It was almost time for dinner and I still had not found my car. After hours of desperate search, and a dead key fob battery, I had not found my rental car. In the great maze of concrete and motor vehicles, the cocker spaniel found me and chased after me, jumping and barking all the way. The dog stopped, panting. Then it raised its leg and began to pee on the lot sign. I was in Orange Lot East. Didn’t I park in Purple Lot West? Shit. Which way was west?

I started walking towards the daylight that I saw in the distant concrete horizon. As I walked, I heard sobs echo off the concrete pillars. I couldn’t quite make out the cries in the distance, but it sounded like a woman. I went down the ramp to P1, hoping to find level, natural, earth-based ground, instead of this disorienting concrete prison. Sometimes the echoes faded and got louder. I didn’t care. I was almost free and so was the dog.

Finally I heard the screech of the owner, “Pebbles! PEH-bbles!” spoken with a heaving sob, followed by a, “Here boy! Oh Pebbles, where are you?”

It was all a game to this dog. He let out one low and quiet bark, and charged off towards more parked cars.

I got another text. It read, “I’m coming to pick you up. Where are you?” I texted back, “Haven’t you been listening? I. Don’t. Know!”

The dog owner pulled alongside me just as I was putting away my phone. Her make up was running all down her face and her red hair was as frantic and frizzy as she was. “Excuse me, sir? Have you seen my dog? He’s a little cocker spaniel.”

I looked up, past the woman, past her car. In the distance of my 1,000 yard stare, I saw the curly hair of the puckish pet curled up in his hiding spot behind a tire many aisles away.
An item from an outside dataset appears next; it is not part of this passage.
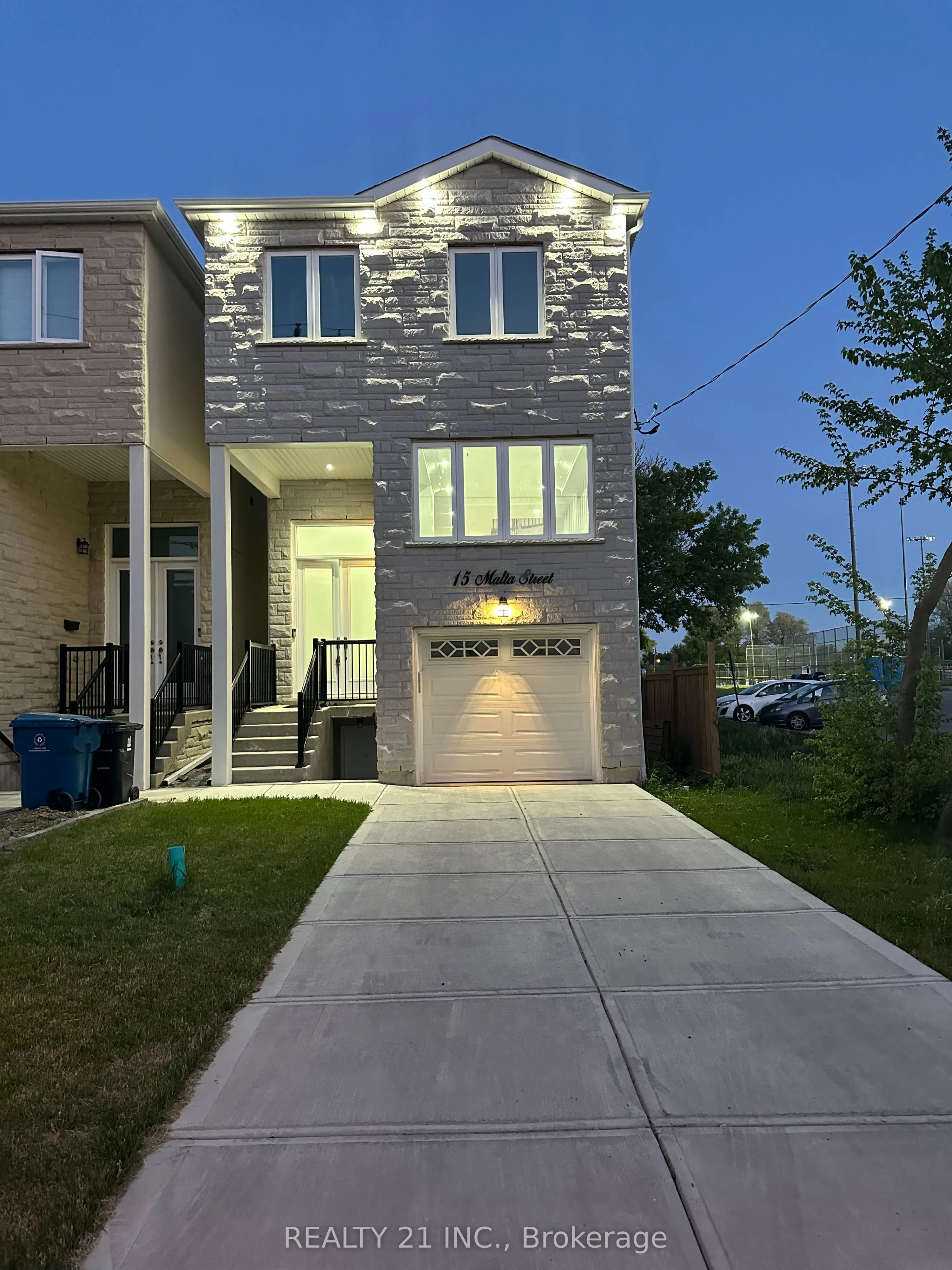 Detached Home For Sale | E13166696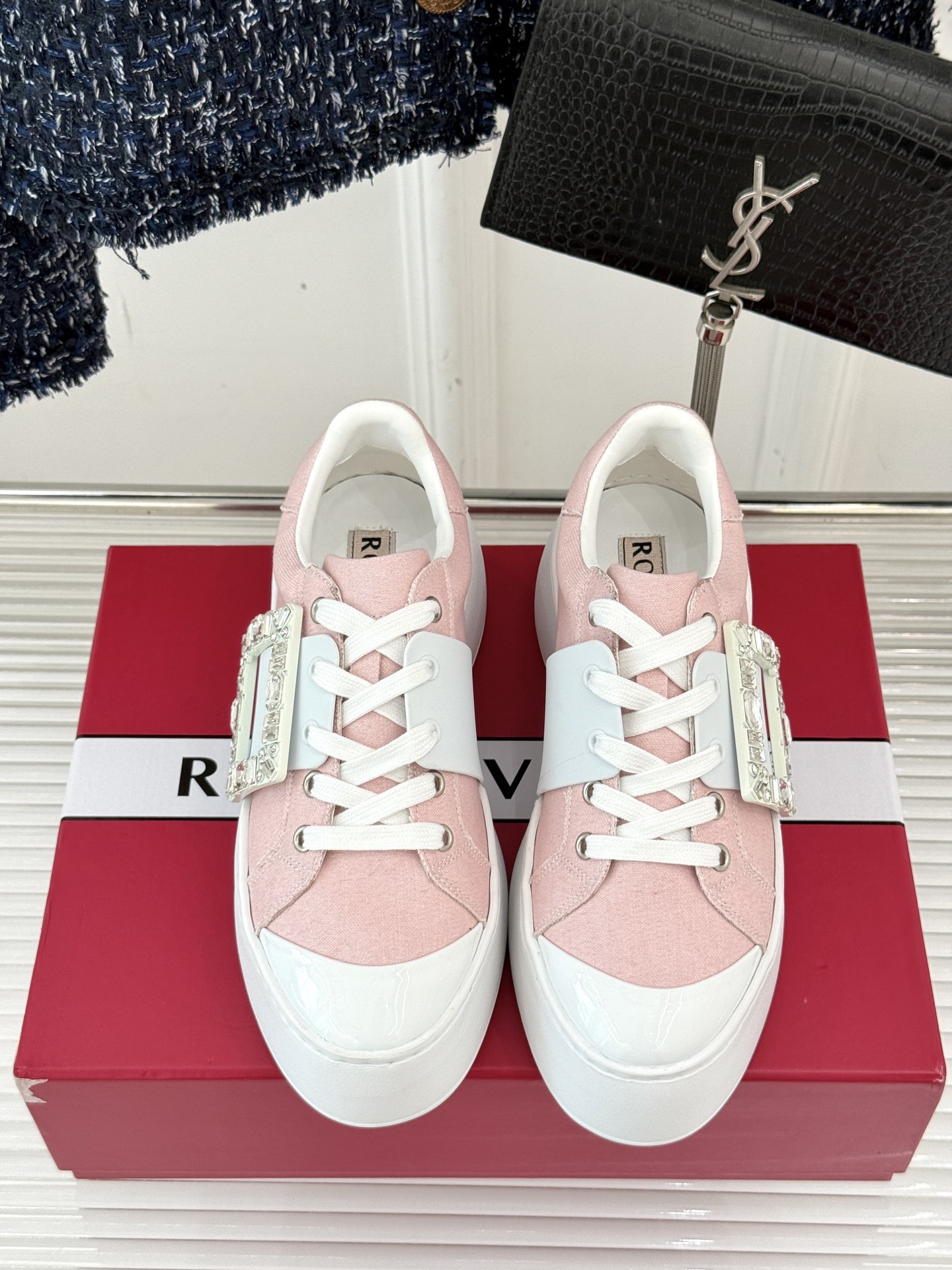 
Roger vivier | RV方扣厚底休闲运动鞋
一款超经典的超美的休闲鞋
脚感宛如踩在云朵般轻巧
I looked at the woman. I looked at the dog. Did I want to get involved? If I helped her, and she offered to help me, did I really want to sit in the rotten, foul-smelling car of spaniel butt-cheese? Wouldn’t it be better to just walk to Purple Lot West? But where is that?

The crying woman drove away, “Why can’t anyone help me?! PEH-bbles!”

 

I finally reached the edge of the car park, but a biting wind rose up and hit me in the face. To my right was an enclosed land bridge connecting the neighboring lot, an elevator bank, and a map. I went in from the cold and looked at the map. I sent a text, “I found a map. I’m in between Orange Lot East and Red Lot North.”

“I’m sorry. Something’s come up. I can’t help you. Call a cab,” was the responding text message.

I crossed over to Red Lot North when there arose a familiar knock at the glass door. The dog was lying down right at the crease of the door, wagging his tail. I remembered from the map that similar skyways connected all of the parking ramps. I called the elevator and went up to P3 and got out.

When I got out, I saw a security officer riding in his security cart with the yellow light flashing. I stepped out to wave him down, but he drove right past me and drove down the ramp to P2. Why can’t anyone help me?

Walking, walking, walking. Walking vaguely westward, I think. Why are these parking ramps always so large? Am I lost again? They say that humans travel in large circles if they get lost. Gee, that car looks familiar. Why do so many cars look alike? Is that my car? No, the key doesn’t work. Great, I’ve set off another car alarm. I bet a person could go crazy in a situation like this.

After an eternity, I finally reached the other end of Red Lot North. Echoing in the wind, I could hear red-headed lady’s voice, “You let him get away! How could you let him get away?”

“I’m sorry ma’am. I’ve called for backup. Please remain calm.” The security officer’s deep voice was calming and provided a baseline of sanity to the treble of craziness I was responsible for and currently involved with.

I crossed the bridge to Purple Lot West, but for some reason, P3 crossed over to P2. Whoever designed this had no sympathy for people who get lost. I stopped in the shelter, closed my eyes, and tried to use my imagination to remember what my car looked like and where it could be. It was so long ago since I went in to the mall to return those clothes, that I think the value of the money in my pocket is worth less due to inflation.

I used my imagination to travel further back into time, back to when I first parked. Was I happy because I got a good parking spot or was I angry or sad because I had to park far away? No, I was neither. There were no feelings for the parking spot, only the annoyance of returning the clothes. I opened my eyes and started walking.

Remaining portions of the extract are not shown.